Assuming the Risk of Dangerous Machines - KOTA Territory News

Assuming the Risk of Dangerous Machines



Gary Jensen
Beardsley, Jensen and Von Wald

                What if you are injured using a product you know is dangerous – are you barred from recovering damages based on your assumption of the risk? 

                Maybe – maybe not. 

                Sometimes, dangers are "open and obvious."  Open and obvious dangers are conditions that create a risk of harm that is visible, well known or discernible by casual inspection.  A manufacturer ordinarily has no duty to warn of open and obvious dangers, and a product is usually not defective and unreasonably dangerous because of such dangers.

                For example, manufacturers are not required to warn of the open and obvious dangers associated with lawnmowers, power tools, motorcycles, and all terrain vehicles.  You will likely be deemed to have assumed the risk of injury if you're injured as a result of the open and obvious danger – such as sticking your hand into the lawnmower blades.         

                What if the dangers are not open and obvious?  What if the lawnmower blades fracture and explode during normal operation, the power tool turns itself on when bumped a certain way, the accelerator sticks on the motorcycle, or the all terrain vehicle tips over on a slight slope?

                Last week, our Supreme Court reaffirmed the principle that an injured party must have knowledge of the specific defect and risk posed by the product for assumption of the risk to apply.  Knowledge of the generally dangerous nature of the product is not sufficient.  Wangsness v. Builder Cashway, Inc., 2010 SD 14.
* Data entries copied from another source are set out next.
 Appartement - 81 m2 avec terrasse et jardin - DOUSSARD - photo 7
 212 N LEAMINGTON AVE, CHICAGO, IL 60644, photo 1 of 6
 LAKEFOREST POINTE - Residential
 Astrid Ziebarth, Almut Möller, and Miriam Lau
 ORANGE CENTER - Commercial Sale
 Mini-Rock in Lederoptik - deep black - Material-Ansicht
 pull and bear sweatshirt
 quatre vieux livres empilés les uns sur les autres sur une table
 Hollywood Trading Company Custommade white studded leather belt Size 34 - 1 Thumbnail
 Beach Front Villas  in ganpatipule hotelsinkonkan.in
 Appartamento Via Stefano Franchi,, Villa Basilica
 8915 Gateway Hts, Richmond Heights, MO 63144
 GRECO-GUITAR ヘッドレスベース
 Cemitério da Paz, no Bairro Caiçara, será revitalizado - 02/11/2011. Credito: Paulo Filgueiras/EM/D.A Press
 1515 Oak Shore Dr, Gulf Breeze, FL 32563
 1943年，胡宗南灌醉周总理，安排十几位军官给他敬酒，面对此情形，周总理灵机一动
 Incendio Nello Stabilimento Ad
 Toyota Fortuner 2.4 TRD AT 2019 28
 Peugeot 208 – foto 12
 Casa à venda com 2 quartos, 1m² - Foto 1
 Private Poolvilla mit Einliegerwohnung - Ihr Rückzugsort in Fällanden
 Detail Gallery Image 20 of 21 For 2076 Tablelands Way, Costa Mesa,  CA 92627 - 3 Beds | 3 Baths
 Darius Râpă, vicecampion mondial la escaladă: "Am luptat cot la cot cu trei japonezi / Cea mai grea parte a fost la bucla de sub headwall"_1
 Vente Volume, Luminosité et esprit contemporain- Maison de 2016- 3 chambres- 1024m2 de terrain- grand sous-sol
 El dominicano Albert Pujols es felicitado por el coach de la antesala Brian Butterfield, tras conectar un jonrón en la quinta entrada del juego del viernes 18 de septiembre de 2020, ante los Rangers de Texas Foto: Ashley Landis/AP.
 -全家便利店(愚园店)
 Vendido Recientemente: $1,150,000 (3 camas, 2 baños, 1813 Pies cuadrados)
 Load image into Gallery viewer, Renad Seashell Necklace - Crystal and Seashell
                So, to have assumed the risk, the user must have known and accepted the specific risk of the lawnmower blades exploding, the power tool turning itself on, the accelerator sticking on the motorcycle, and the all terrain vehicle tipping on a slight slope.  Knowing only of the general dangerous nature of the product is insufficient.   

                Most of the time, a jury will decide if the user assumed the risk based upon all of the facts and circumstances.



E-mail Gary is intended as general information on legal issues affecting us all.  This information should not be relied upon in any particular case and should never be used in lieu of consulting with an attorney.